Here's the pain point nobody tells you: when you have multiple services consuming the same events, schema evolution becomes a coordination problem. You can't just update one service — you need to ensure all consumers can handle the new schema before you start emitting it. That's where a schema registry (like Confluent's) shines. It lets you enforce compatibility rules and prevent breaking changes from reaching production.
Another trick: use a generic wrapper that includes a type discriminator and version. Then write version-specific deserializers that can be registered dynamically. This avoids massive if-else chains in your handler code.
I've seen teams try to solve schema evolution with a shared JAR that contains all event classes. That works until two services need different versions of the same event. Then you're stuck in dependency hell. A schema registry prevents that by decoupling the wire format from the class definition.
Don't forget to test schema evolution in your CI pipeline. Write a test that replays a set of old events (exported from production) against the latest handler code. If any event fails to deserialize, the pipeline fails. This catches breaking changes before they hit production.
One more thing: when you deprecate an event type, don't delete the event class immediately. Keep it in a 'legacy' package and let your deserialization layer know to skip it or transform it. Deleting the class too early will break replay from the beginning of time.
Consider using Avro with a schema registry from the start, even if you only have one service. It forces discipline and makes future multi-service integration much easier. The upfront cost is negligible compared to the pain of retrofitting.
Enrichment: Schema evolution also affects downstream BI systems. If you publish events to a data lake via Kafka, the schema must be compatible for all consumers. Coordinate schema changes in a separate deployment with monitoring for consumer lag.
Also: think about backward vs forward compatibility. Backward compatibility (new reader can read old data) is easier and usually sufficient. Forward compatibility (old reader can read new data) is harder but necessary when you can't upgrade all consumers simultaneously.
One real-world example: we had an event with a 'price' field that was a decimal. We needed to add a 'currency' field. We made it optional with a default of 'USD'. Old events continued to work, and new events included the currency. The projection that needed currency just used the default for legacy events.
Idempotency and Consistency Guarantees
Event Sourcing systems are event-driven, and events can be delivered multiple times (e.g., after a broker restart, network retry, or projection crash). Without idempotency handling, duplicate events will produce duplicate state changes — corrupting your read models.
Write-side idempotency: each command should be associated with a unique idempotency key (UUID). Before appending an event, check if an event with that key already exists. This prevents double-spending, duplicate orders, etc.
Read-side idempotency: projections must be idempotent. For upserts, use INSERT...ON CONFLICT UPDATE (UPSERT). For set-based updates, ensure the operation is deterministic (e.g., set account balance to the computed value, not increment).
Consistency: Event Sourcing gives you strong consistency within an aggregate (writes are atomic per aggregate via version check). Across aggregates, you have eventual consistency unless you use distributed transactions (which you should avoid). For critical cross-aggregate consistency, consider using sagas or process managers.

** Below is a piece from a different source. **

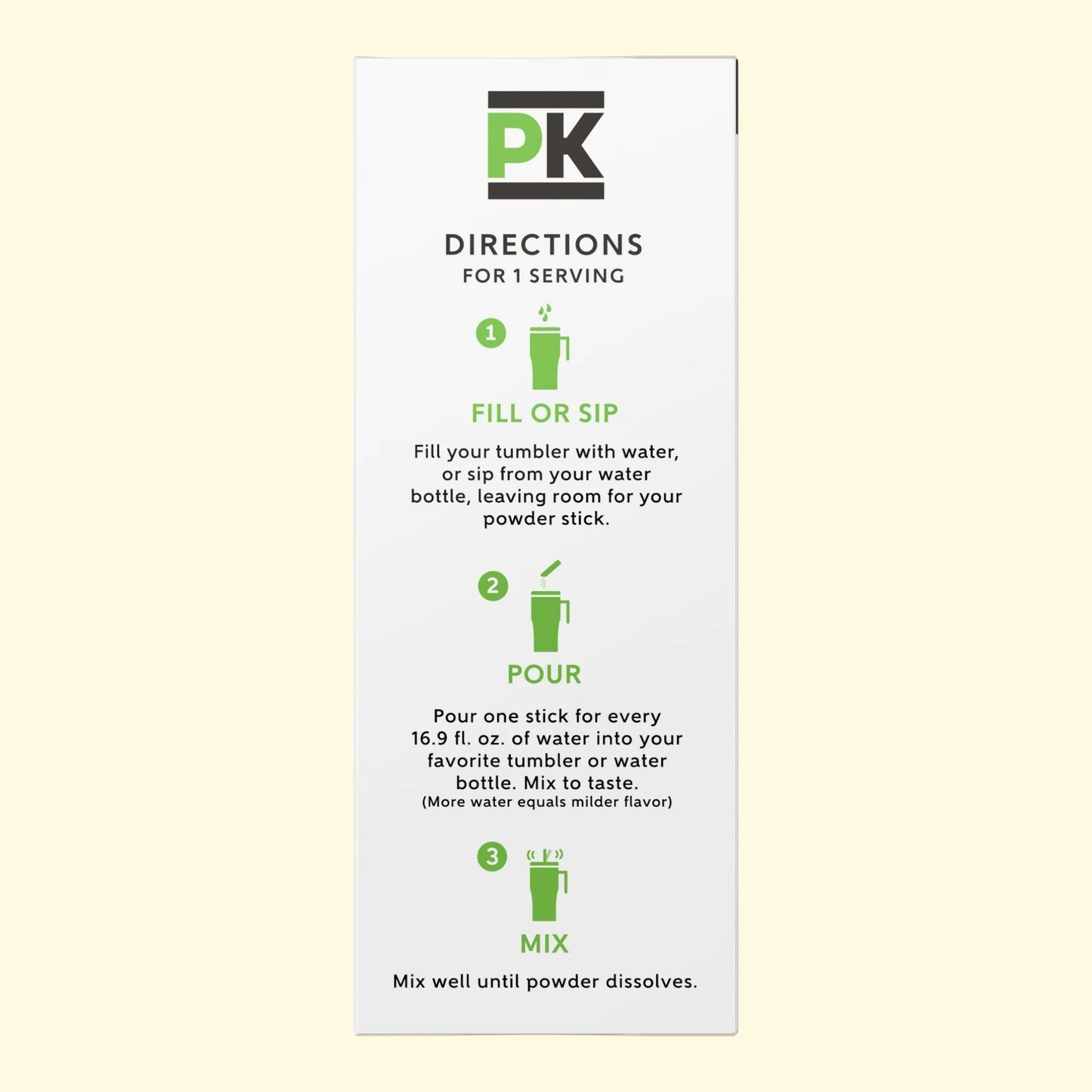 Fiche d'instructions pour un produit PK sur fond jaune clair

Here's a real scenario: we had a projection that used an incrementing counter instead of setting the absolute value. On replay, it doubled every event — took us two hours to find the bug because the numbers looked "close enough".
Idempotency key storage: keep them in a time-bounded store (e.g., Redis with 24h TTL). After that, the risk of duplicate delivery is negligible. Make the idempotency check atomic with the event append — ideally using a database unique constraint, not a check-then-act.

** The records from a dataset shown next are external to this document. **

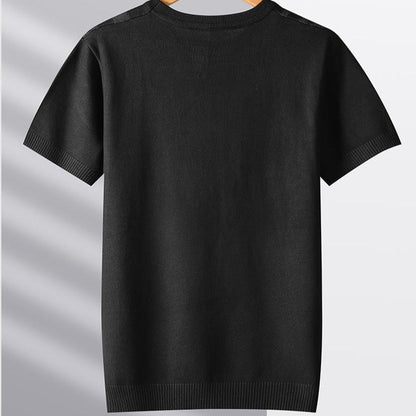 Stylish men's gray tee, a soft knit with an innovative wood grain textured pattern. Perfect for casual wear.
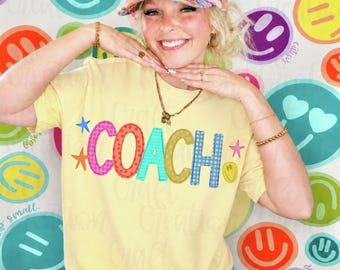 Coach PNG, Teacher Appreciation Shirt Design, Teacher Preppy Png, Hand Drawn PNG, Back to School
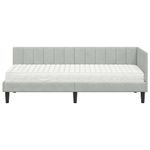 Casa si Gradina - Mobilier - Paturi si accesorii - Paturi - Cadru de pat coltar cu saltea Gri deschis 80 x 200 cm Catifea - Infinity.ro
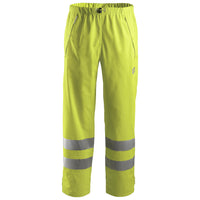 Snickers 8243 Highvis Class 2 Pu Rain Trousers Hi Vis Yellow Navy Main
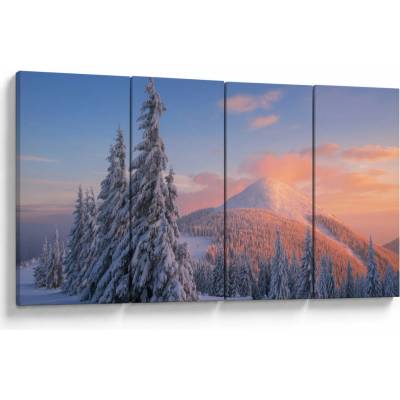 Obraz - Zimná krajina, štvordielne 160x80 cm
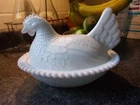 Vintage Hen On Nest White Milk Glass Indiana 7" HON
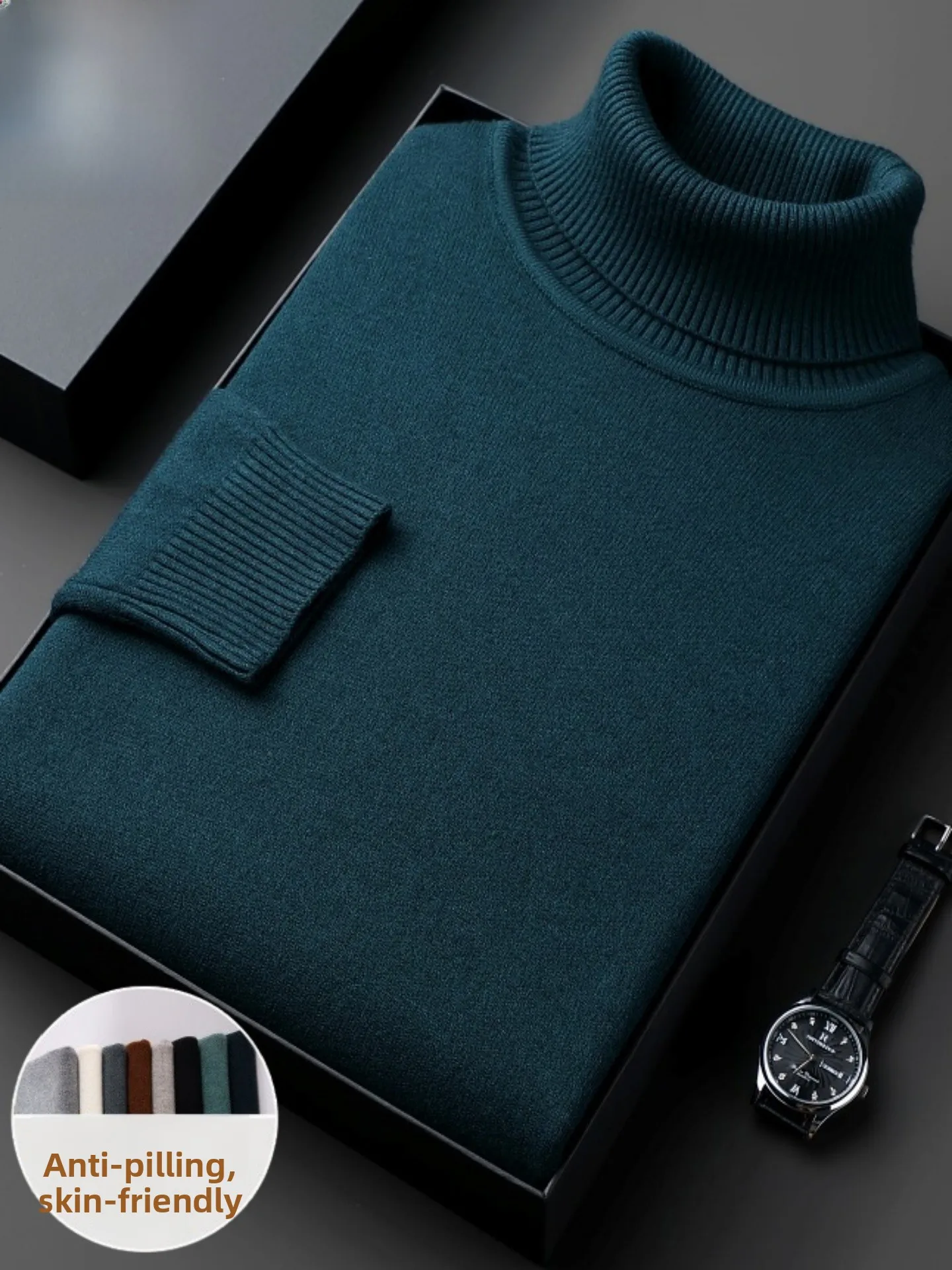 

Rn Мужской свитер с высоким воротником Thiened, теплый повседневный вязаный топ irt Dad Top Faionable Ci Sle Long Sve из тонкой пряжи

There's a subtlety most docs miss: idempotency keys need to survive the event store write failure scenario. If your app generates a key, checks it doesn't exist, and then the write fails — the key is still unused. A retry will use the same key and succeed. But if the write actually succeeded and only the response was lost, the idempotency check prevents the duplicate. That's the whole point, but it only works if your idempotency store is durable and checked atomically with the write.
Another nuance: idempotency keys for event handlers that process batches. If you replay a batch of events, each event should have its own idempotency check, not a batch-level key. Otherwise, a partial failure in the batch causes the whole batch to be skipped on retry, leading to lost events.

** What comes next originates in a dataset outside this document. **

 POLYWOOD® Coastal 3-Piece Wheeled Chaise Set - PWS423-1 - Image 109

Practical advice: make your projection handlers idempotent by design — write them as if every event could be processed twice. That means using SET x = x (no increments), using INSERT ON CONFLICT, and logging any duplicate attempts for monitoring.
Also, consider using event sourcing frameworks that provide idempotent event handling out of the box, but understand the mechanism so you can debug when it fails. The framework can't fix incorrect business logic that assumes events are never replayed.
Additional: for financial systems, implement idempotency with a separate ledger table that records every processed event ID. This is more durable than a TTL-based cache.
The Missing Event Incident
- Snapshots are a performance optimisation, not a durable source of truth.
- Always verify consistency between event store and snapshot store on read.
- Synchronous replication is worth the latency trade-off for financial data.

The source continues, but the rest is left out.